In this asymmetric interpretation, the theorem (if you define adjoints via universal morphisms) that adjoint functors occur in pairs has the following intuitive meaning:

"The notion that F is the most efficient solution to the (optimization) problem posed by G is, in a certain rigorous sense, equivalent to the notion that G poses the most difficult problem which F solves."

And now Greg Stevenson:

Suppose that F: C→D is a functor. Then there are many situations in which thinking of finding left and right adjoints to F as solving approximation problems is very good intuition. So these would constitute functorial ways to approximate objects in D relative to the image of F by objects in C either on the right or the left. I'm not sure I've really managed to word this in a way that conveys what I have in my head but here are some examples (which I have picked because they have a particularly 'approximationy' flavour but I do think that this works reasonably well in general anyway, I think my selection bias here is more skewed toward what I think about regularly).

Torsion theories are very good examples of this principal. For instance the notion of localization with respect to a homology theory in the homotopy category of spectra or more generally the approximating triangles coming from the acyclization and localization functors of a semi-orthogonal decomposition of a triangulated category. Another nice example along these lines is say the standard t-structure on the derived category of modules over some ring. Here we again have two pairs of adjoints and we can think of one as a right approximation by a bounded below complex coming from the unit and the other as a left approximation by a bounded above complex via the counit.

One can also view resolutions in the derived category in this way. For instance we have a right adjoint to the canonical map from K(InjR)→D(R) for a ring R where the first category is the homotopy category of complexes of injective R-modules which is taking K-injective resolutions. Similarly other sorts of resolutions, envelopes, and covers can be realised by adjunctions.

All of these examples are particularly nice in the sense that we get triangles or short exact sequences describing the object we start with in terms of our complementary approximations (by complementary I mean that there is orthogonality floating around in all of these examples so we have in some sense decomposed our category).

I think things like the adjoint functor theorem and Brown reprensentability become very reasonable from this point of view. One can loosely interpret them as saying provided things are "small enough" to be manageable and one has enough limits/colimits then one can build universal approximations (i.e. adjunctions) by taking coarse approximations and refining them.

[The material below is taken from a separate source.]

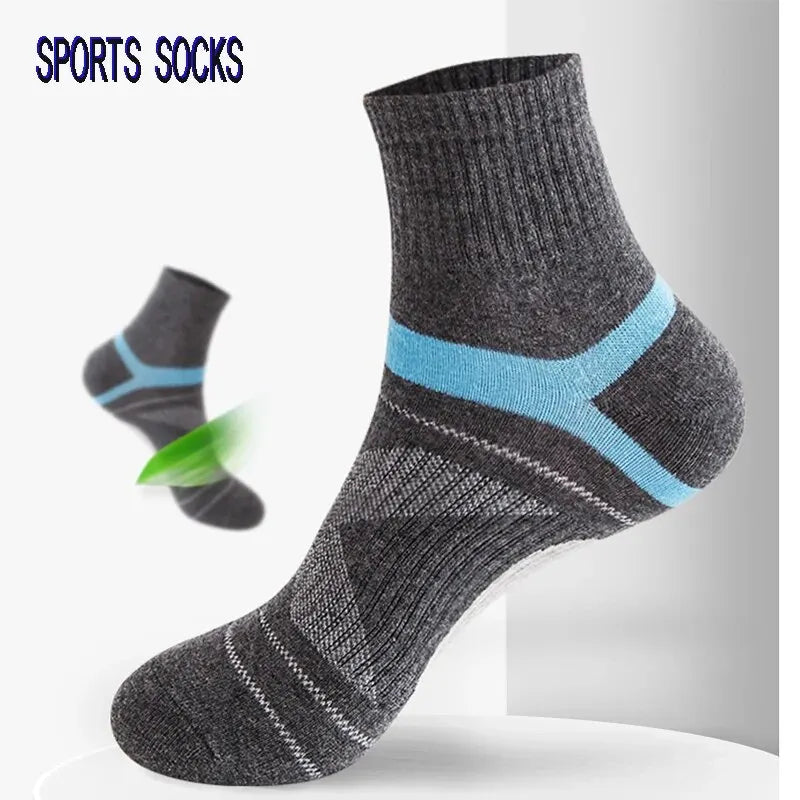 Men's Hiking Basketball Socks 3 Pairs Breathable Sweat Absorbent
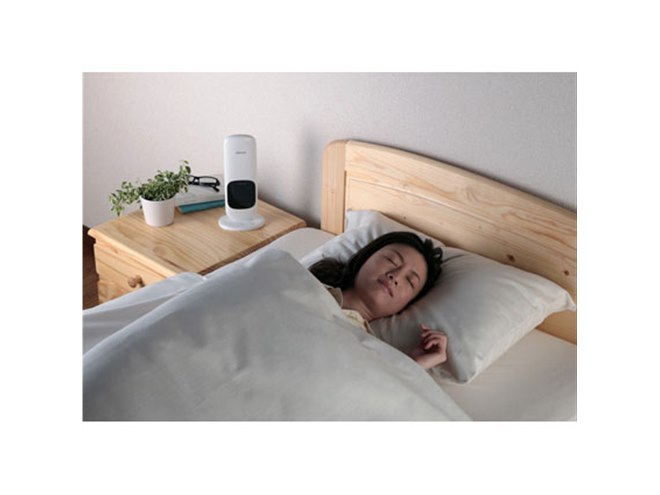 オムロン、電波センサーで眠りの状態を測る睡眠計 - 価格.com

I think this philosophy works well with the one given on the wiki page that Andrew Critch linked to.

Style can be a conscious choice

To end, I'll note that I've come across a lot of books on drawing which advise that you shouldn't force a style for yourself; it will come gradually as you learn. That may be partly true, because drawing is a physical activity and entails learning neuromuscular habits.

But style is also about choosing a medium and a graphic language to use with it. Any graphic language will make some things easy to represent and others hard. The hard things can be compensated for by using pictorial techniques. There are trade-offs for each style, and these can be consciously compared. So to that extent, one need not let style happen. One can choose it, analysing the choice as a problem in optimisation.